**Aim of the exercise:** Excluding pictures, what does the listing below contain from the line with "BI-FOLD CROCODILE WALLET" up to and including the line with "3 way plug valve", word for word?

**Provided entries:**
┌──

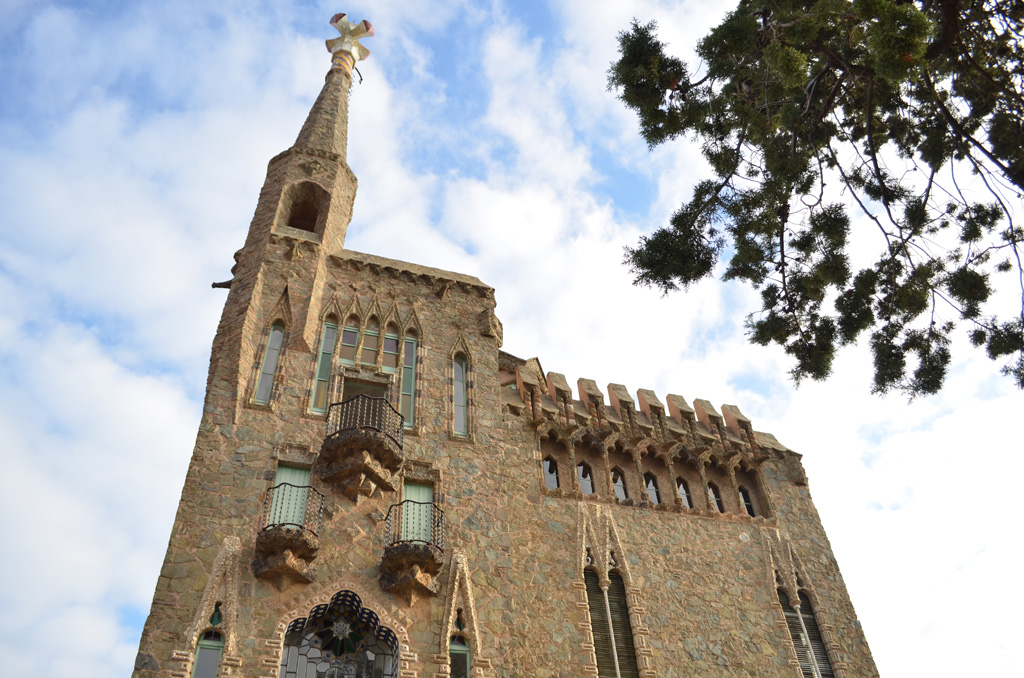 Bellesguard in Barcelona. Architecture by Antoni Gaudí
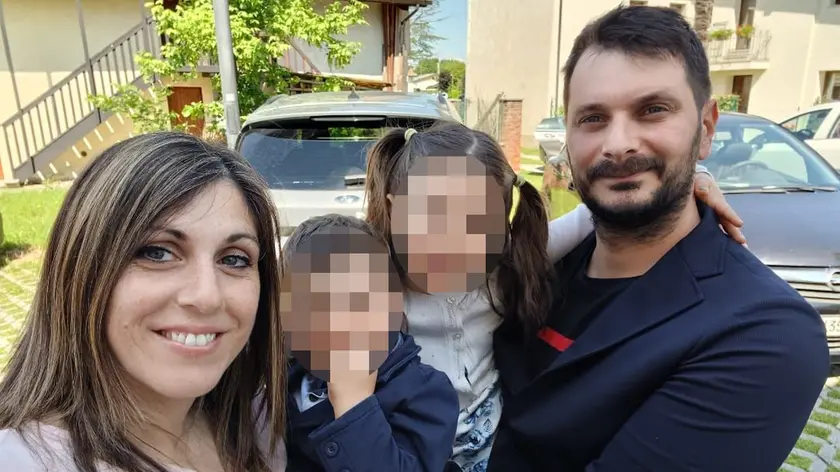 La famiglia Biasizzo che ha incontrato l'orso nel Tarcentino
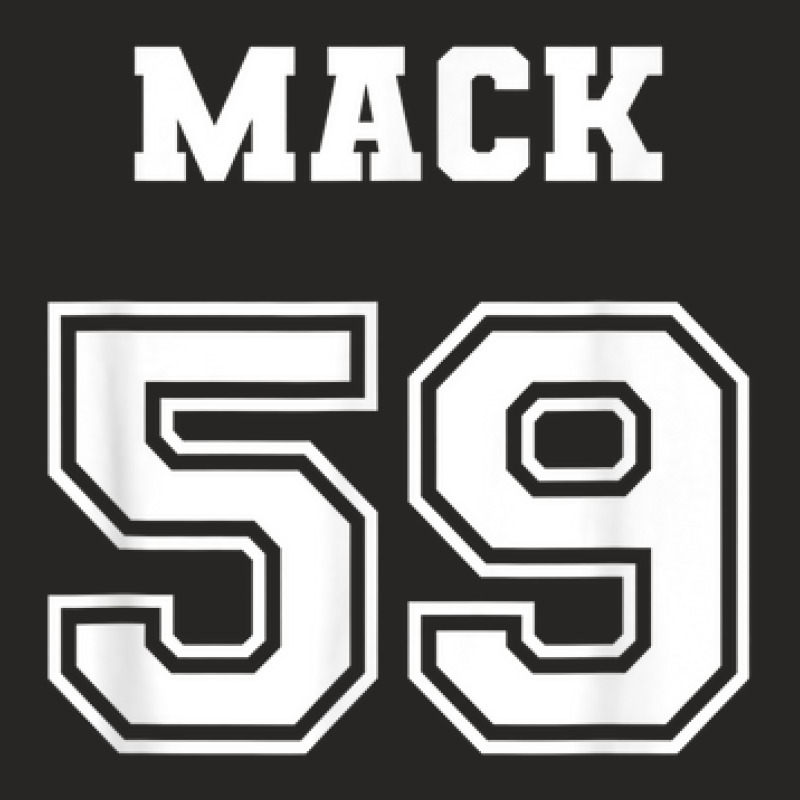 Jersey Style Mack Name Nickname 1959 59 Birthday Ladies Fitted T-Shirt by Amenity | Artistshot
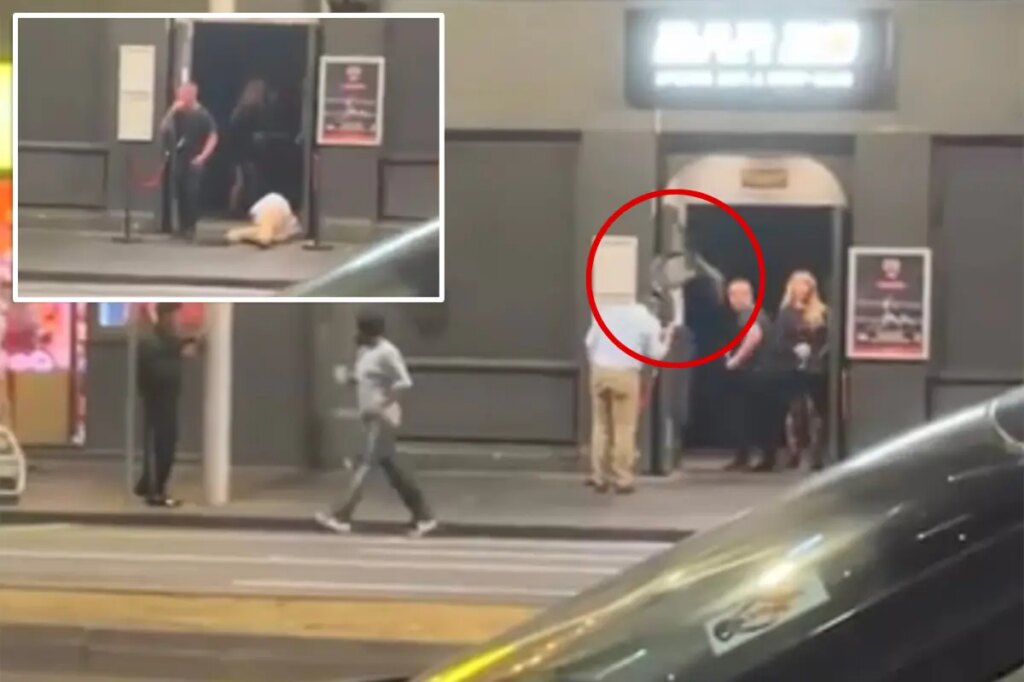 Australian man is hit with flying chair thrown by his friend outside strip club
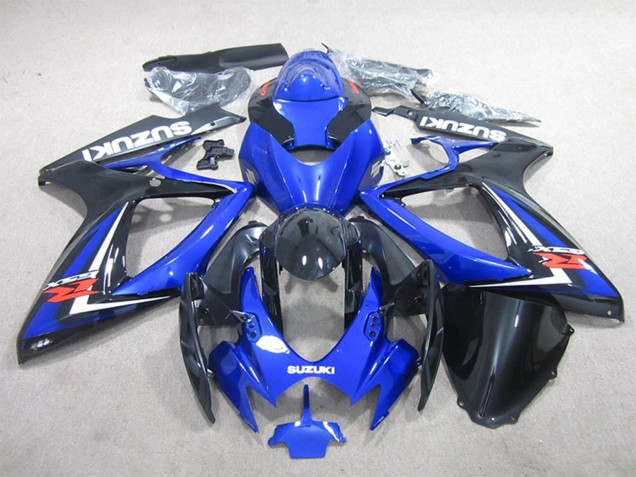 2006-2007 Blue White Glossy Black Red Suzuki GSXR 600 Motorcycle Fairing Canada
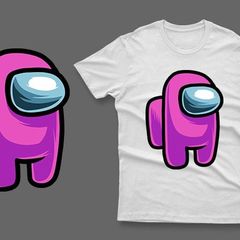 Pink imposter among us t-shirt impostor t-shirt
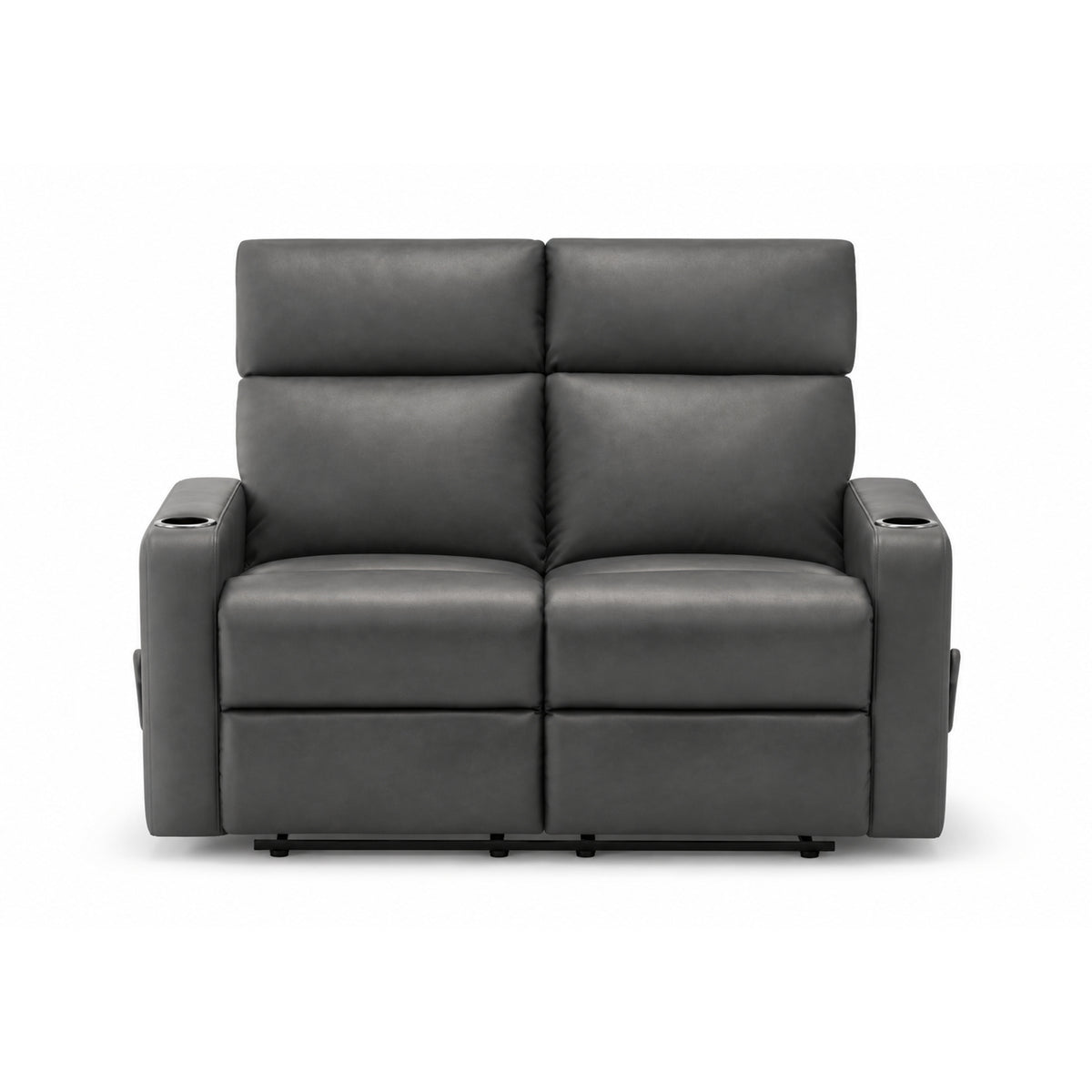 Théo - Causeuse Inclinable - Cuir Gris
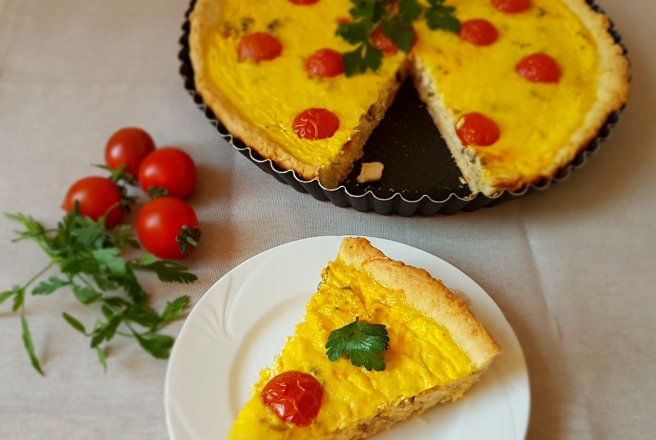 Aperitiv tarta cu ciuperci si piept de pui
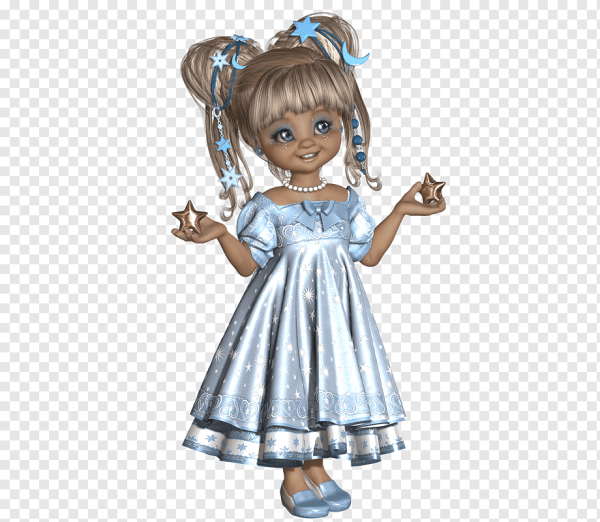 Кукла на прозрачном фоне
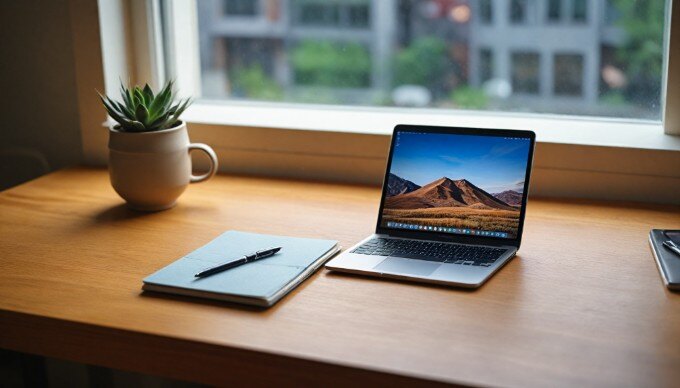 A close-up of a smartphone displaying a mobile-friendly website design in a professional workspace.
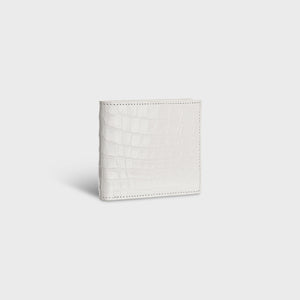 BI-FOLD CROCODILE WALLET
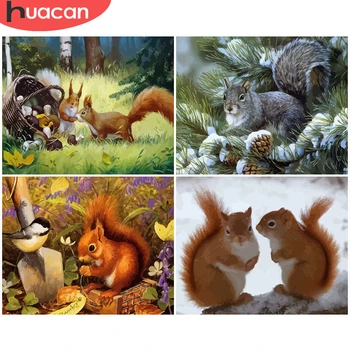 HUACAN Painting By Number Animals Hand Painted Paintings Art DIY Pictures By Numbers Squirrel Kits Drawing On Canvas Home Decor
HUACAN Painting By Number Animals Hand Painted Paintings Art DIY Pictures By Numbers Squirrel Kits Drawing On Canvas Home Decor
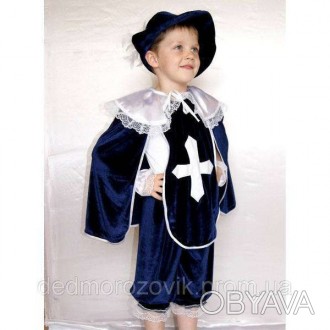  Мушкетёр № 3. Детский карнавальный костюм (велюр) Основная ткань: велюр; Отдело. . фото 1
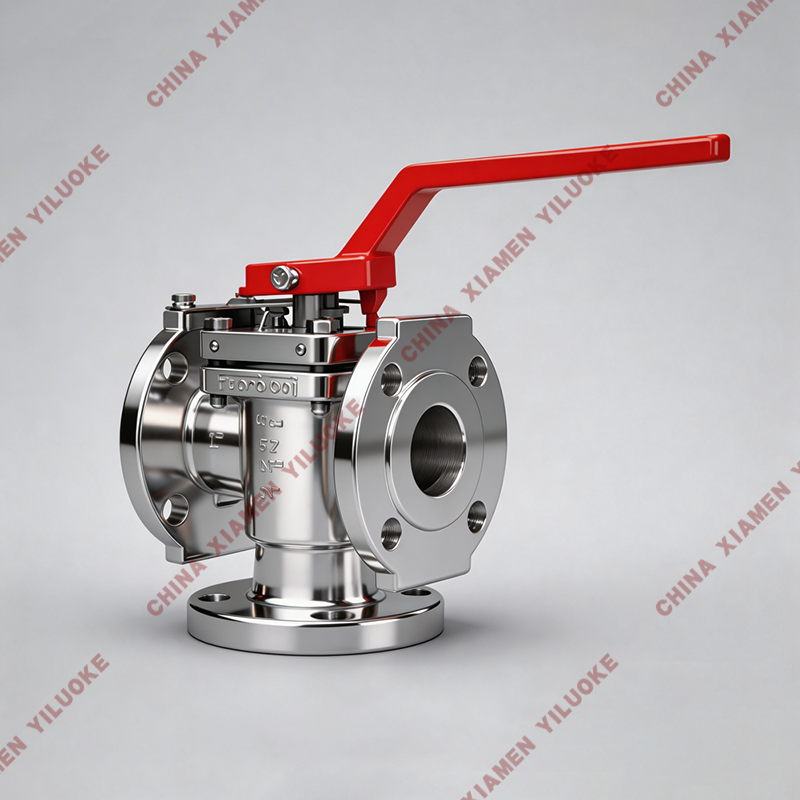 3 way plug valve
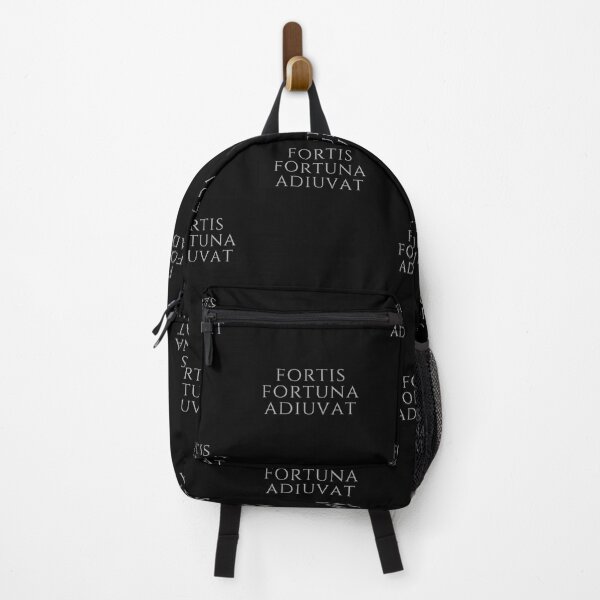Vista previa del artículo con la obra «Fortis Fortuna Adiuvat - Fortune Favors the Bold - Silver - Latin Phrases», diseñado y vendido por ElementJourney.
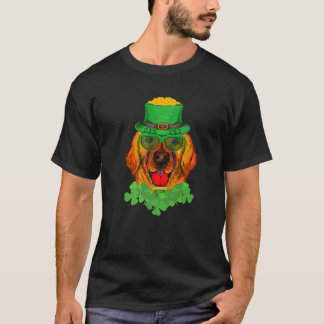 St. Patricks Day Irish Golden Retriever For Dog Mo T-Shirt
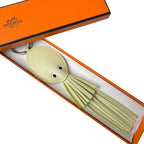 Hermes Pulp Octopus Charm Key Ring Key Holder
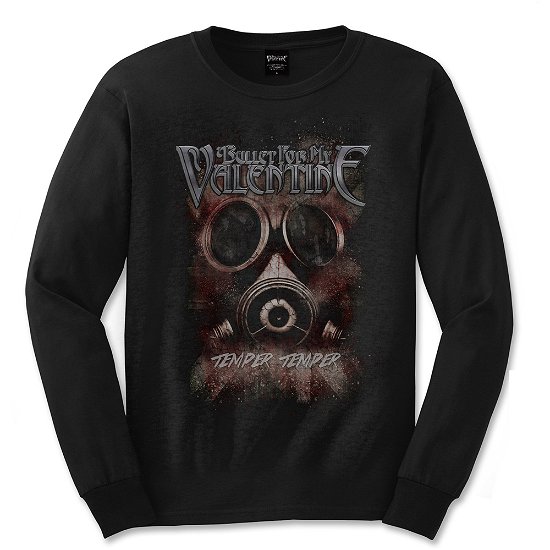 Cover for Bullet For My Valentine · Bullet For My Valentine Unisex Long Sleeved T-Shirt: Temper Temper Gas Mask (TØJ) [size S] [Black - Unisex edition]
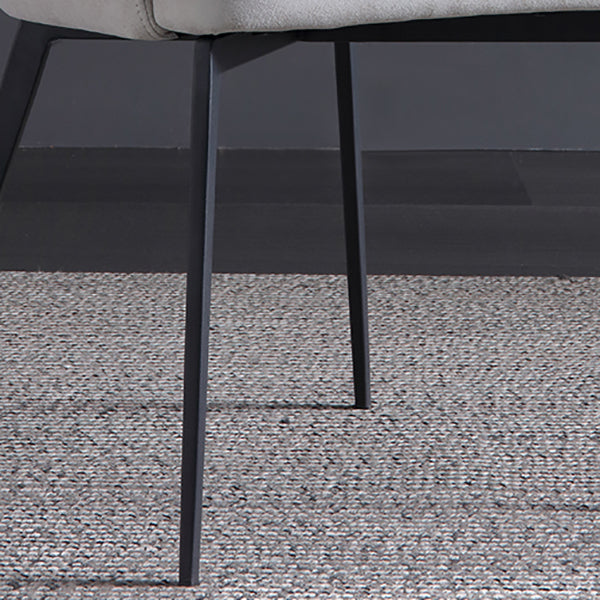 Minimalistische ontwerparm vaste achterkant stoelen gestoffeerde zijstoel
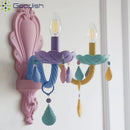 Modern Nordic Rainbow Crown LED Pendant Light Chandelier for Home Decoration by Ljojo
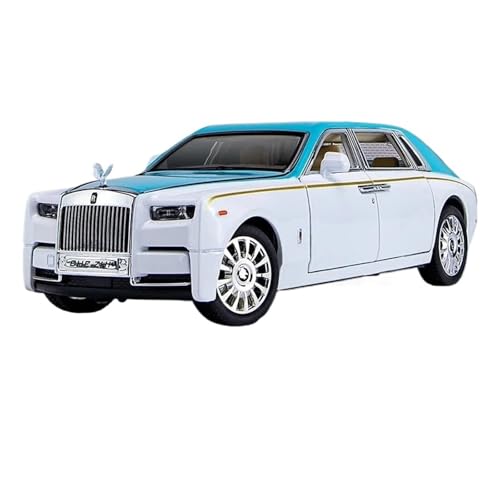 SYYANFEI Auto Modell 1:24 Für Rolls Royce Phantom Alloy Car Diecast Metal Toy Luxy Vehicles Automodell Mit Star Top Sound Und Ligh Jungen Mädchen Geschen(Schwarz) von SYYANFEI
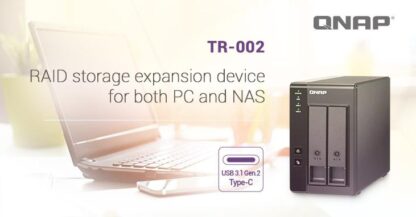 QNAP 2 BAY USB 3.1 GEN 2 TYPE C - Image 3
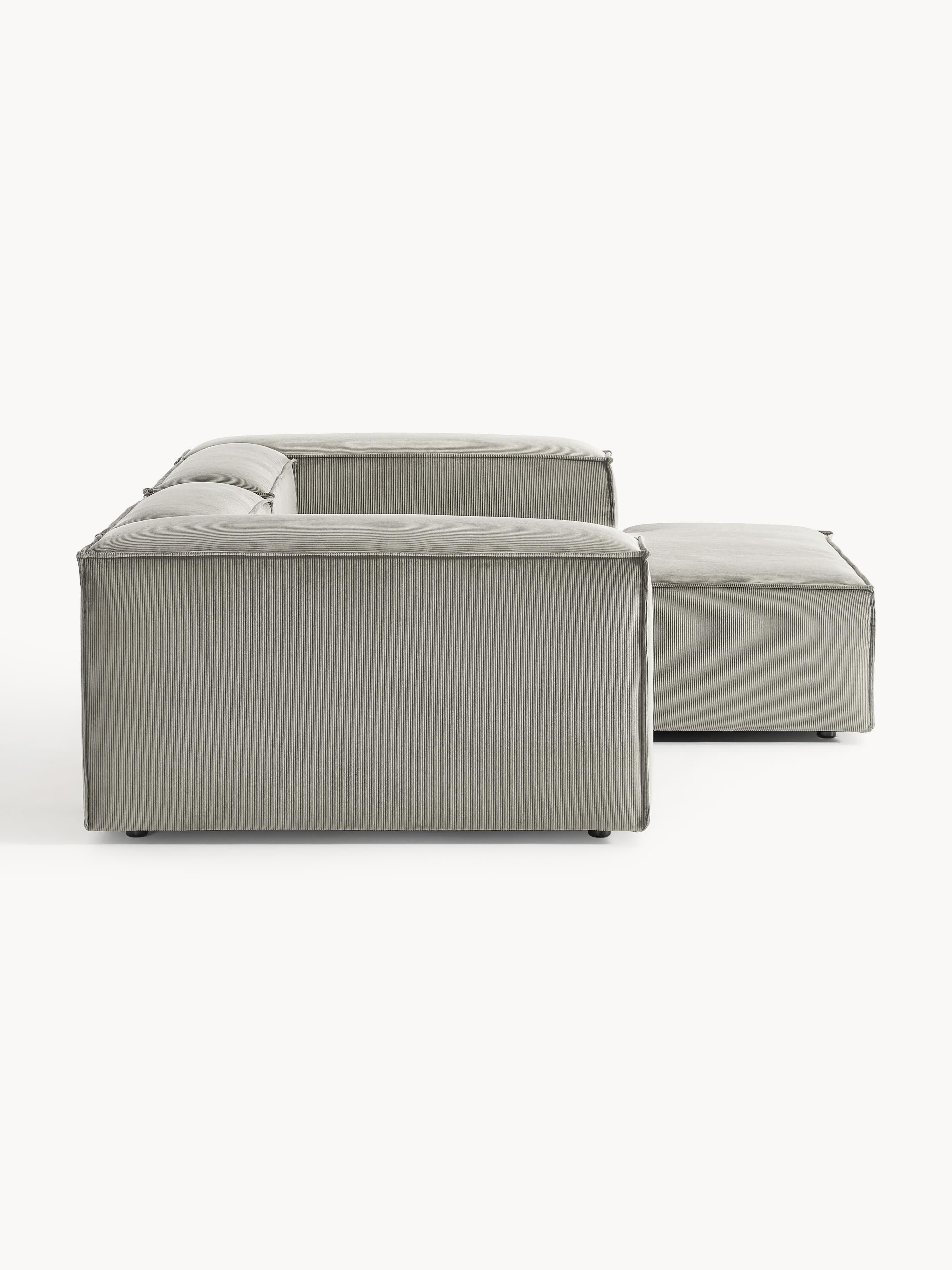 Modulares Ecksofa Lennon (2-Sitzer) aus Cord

└──

**Solution:**
 BI-FOLD CROCODILE WALLET
 HUACAN Painting By Number Animals Hand Painted Paintings Art DIY Pictures By Numbers Squirrel Kits Drawing On Canvas Home Decor
HUACAN Painting By Number Animals Hand Painted Paintings Art DIY Pictures By Numbers Squirrel Kits Drawing On Canvas Home Decor
  Мушкетёр № 3. Детский карнавальный костюм (велюр) Основная ткань: велюр; Отдело. . фото 1
 3 way plug valve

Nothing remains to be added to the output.